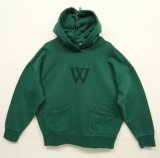 WOODBLOCK "W FELT PATCHED PIGMENT SWEAT HOODIE" GREEN (NEW)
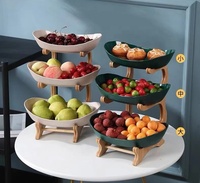 Panier à fruits à 3 niveaux avec assiette pour snack fruits support en bois de bambou récipient alimentaire plat pour salade légumes support d'assiette de stockage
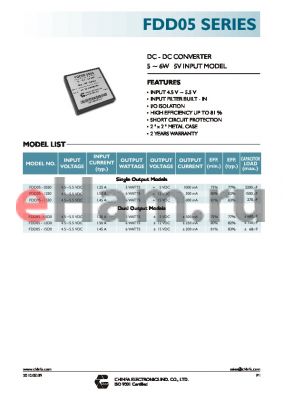 FDD05-05D0 datasheet - DC - DC CONVERTER 5~6W 5V INPUT MODEL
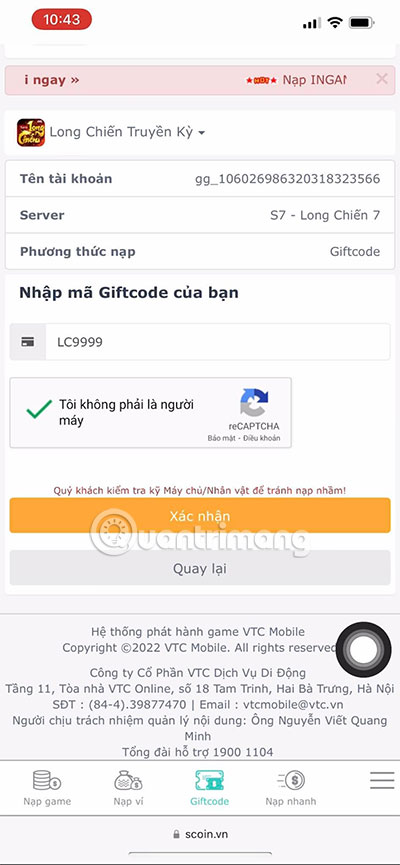nhập code long chiến truyền kỳ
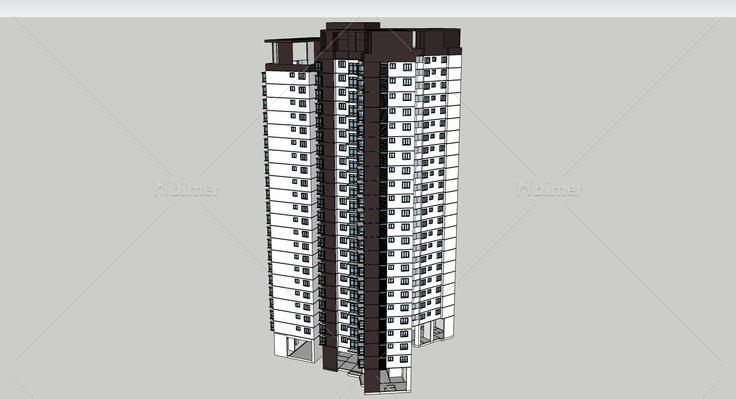 高层住宅设计精模04(103350)su模型下载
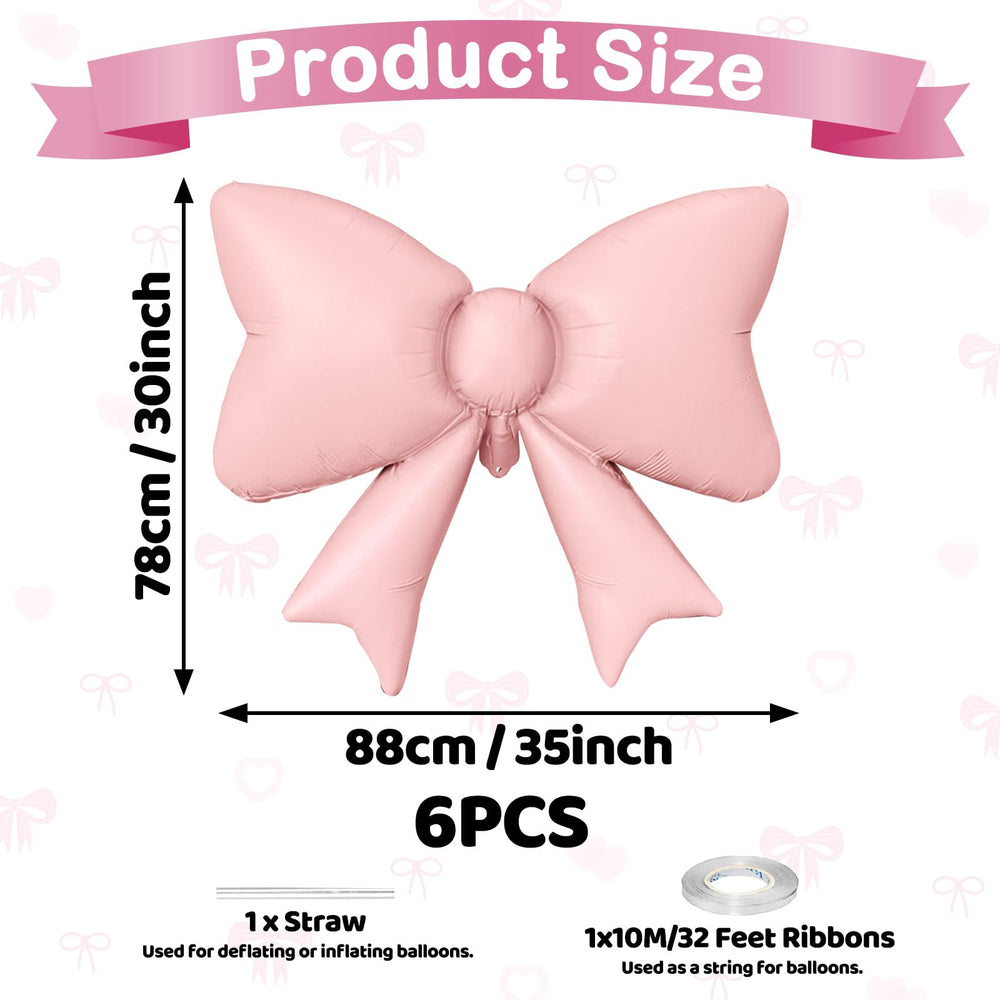 Biapian 35-inch pink matte foil bow balloon for an elegant centerpiece.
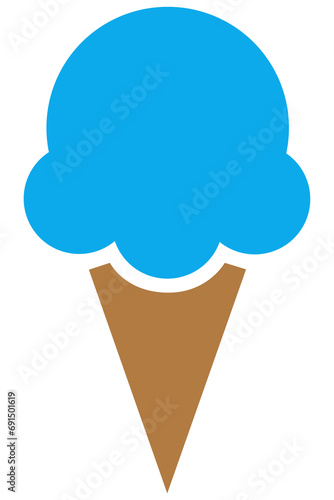 Icono de cono de helado celeste sin fondo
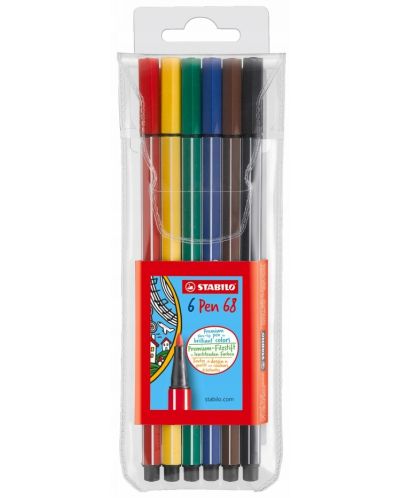 Комплект флумастери Stabilo Pen 68 - 6 цвята - 1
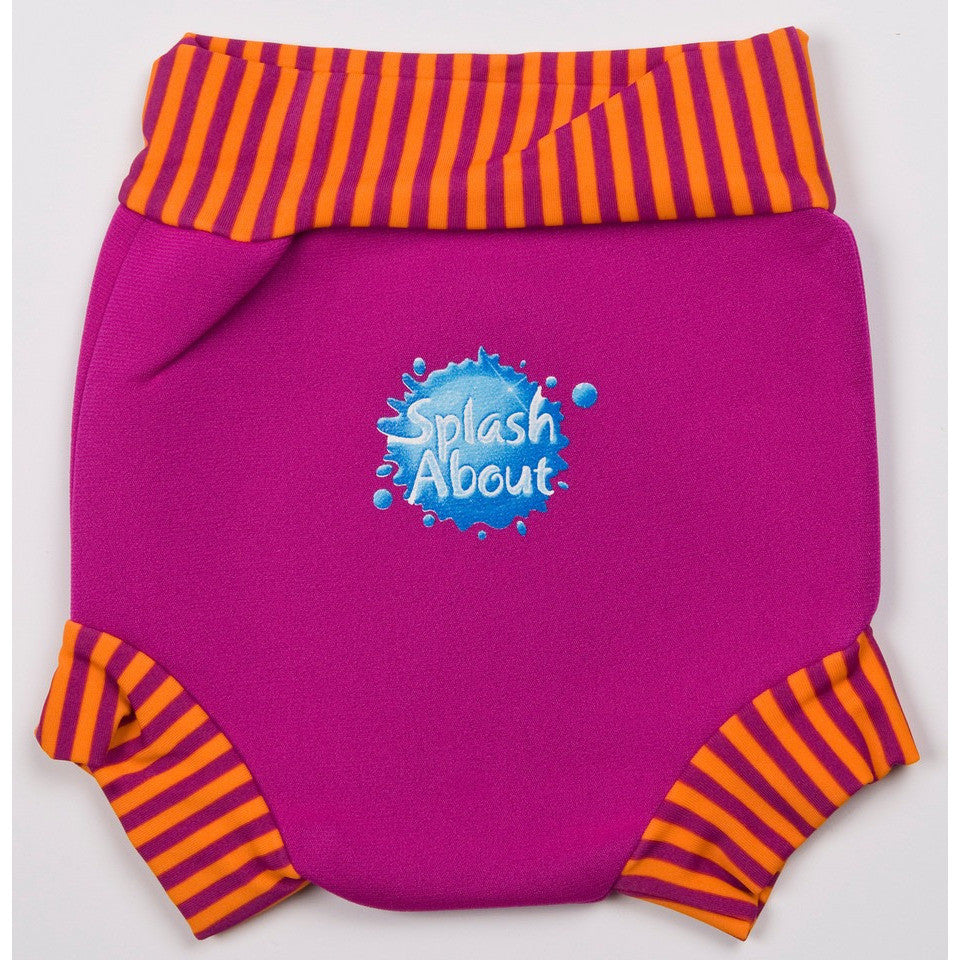 Splash About - Happy Nappy (Pink/Mango Stripe Rib)-Binky Boppy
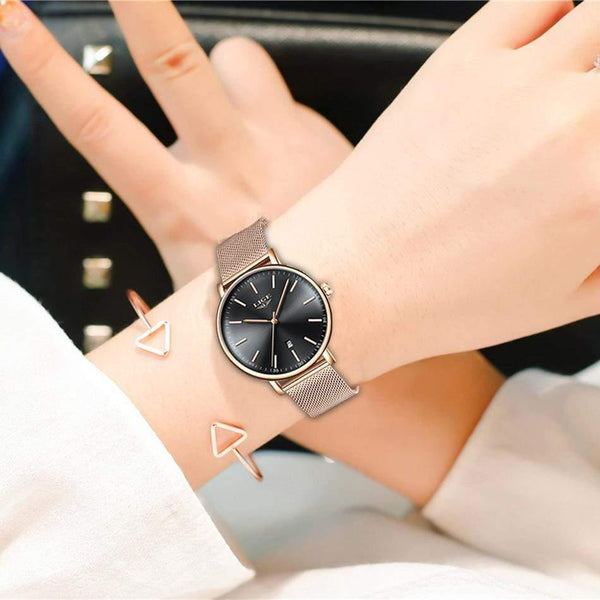 Planet Gates Full black Women Watches Top Brand Luxury Ladies Mesh Belt Ultra-thin Watch Stainless Steel Waterproof Clock Quartz Watch Reloj Mujer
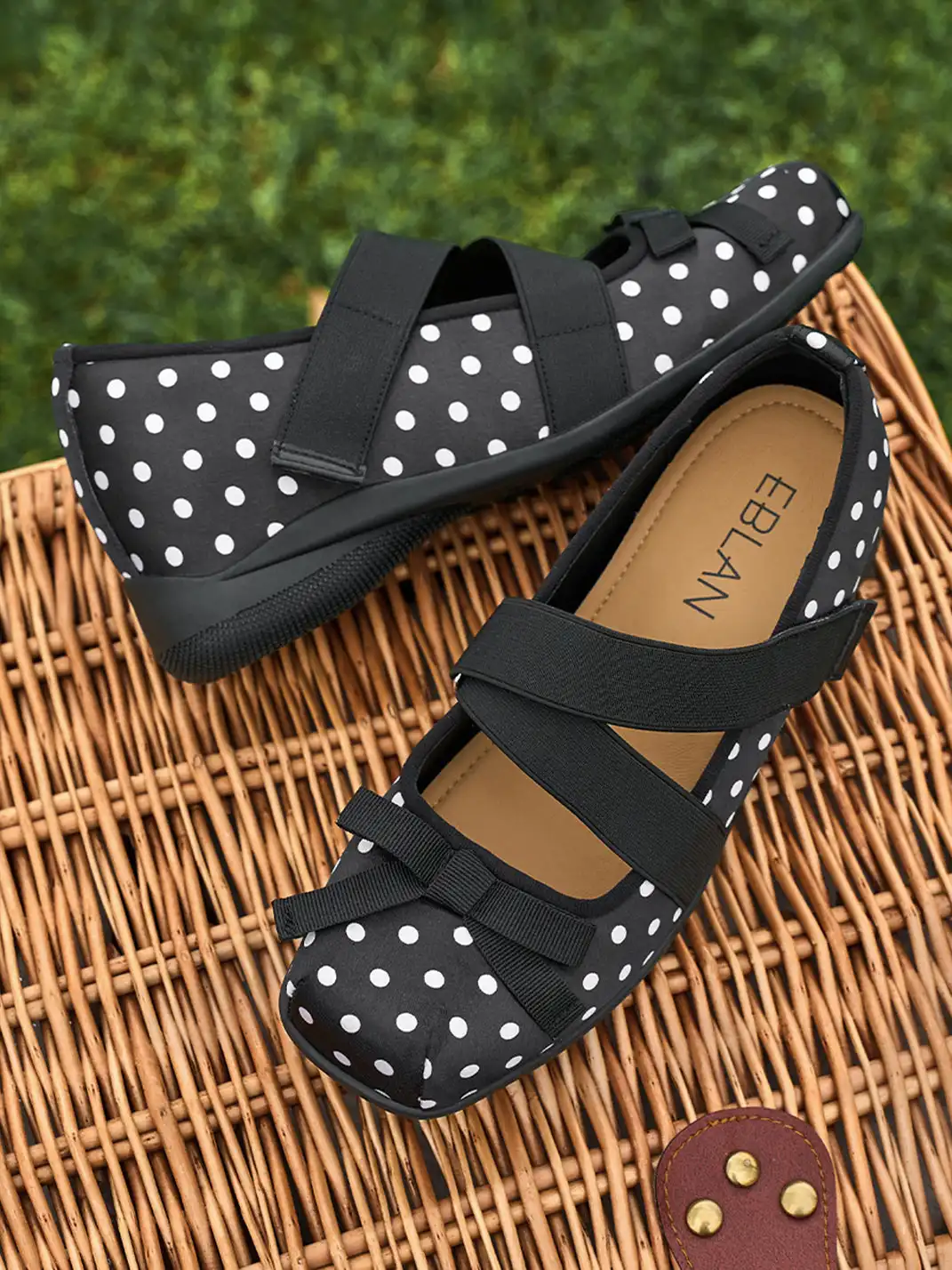 EBLAN | Polka Dot Double Strap Ballet Flats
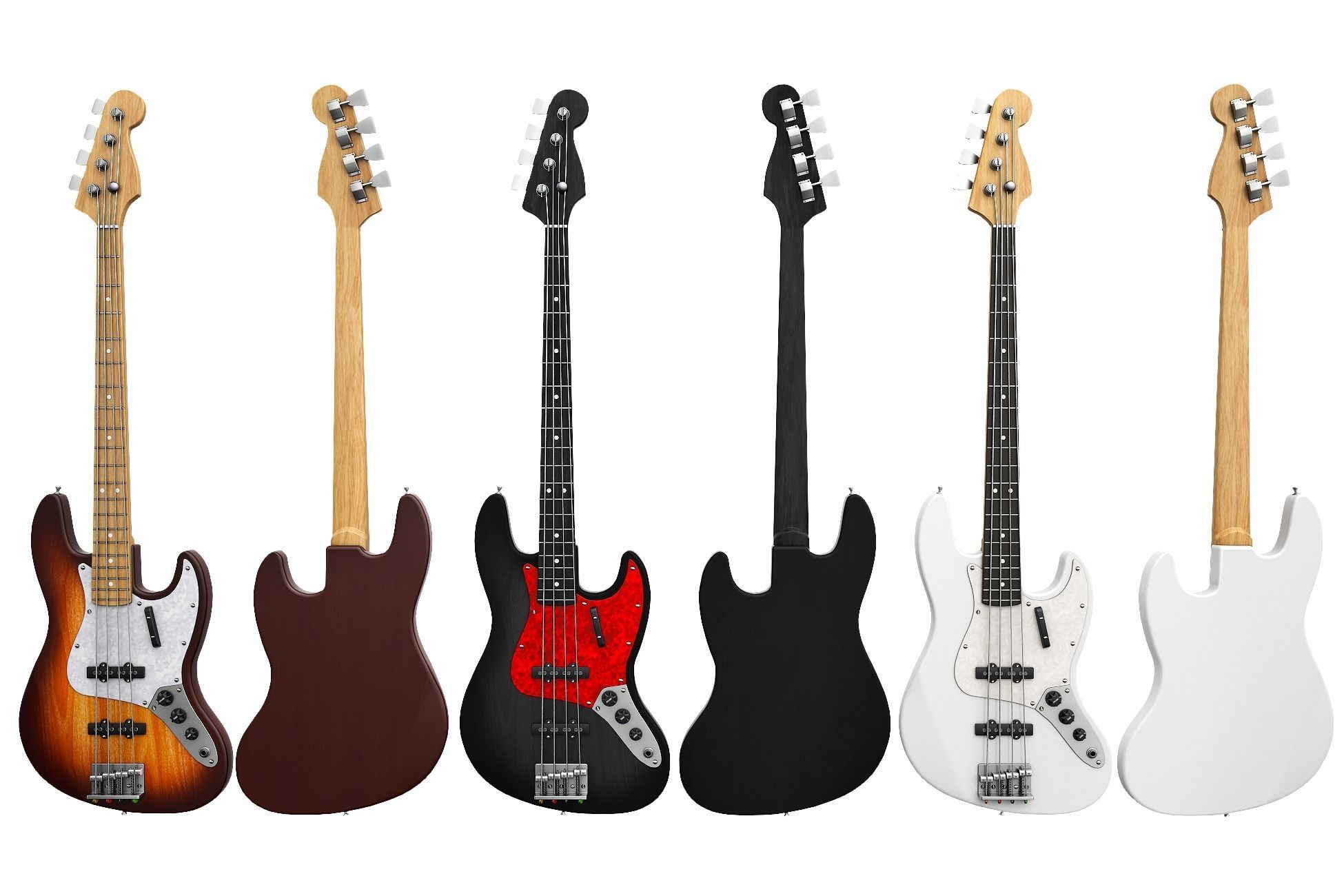 Bass Guitar Collection Low-poly 3D model_4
■ ■ ■ ■
Transcribe, from the material above, the stretch starting at the line with "Biapian 35-inch pink" and ending at the line with "Splash About - Happy", both included, exactly. Do not carry over pictures.

 Biapian 35-inch pink matte foil bow balloon for an elegant centerpiece.
 Icono de cono de helado celeste sin fondo
 Комплект флумастери Stabilo Pen 68 - 6 цвята - 1
 Splash About - Happy Nappy (Pink/Mango Stripe Rib)-Binky Boppy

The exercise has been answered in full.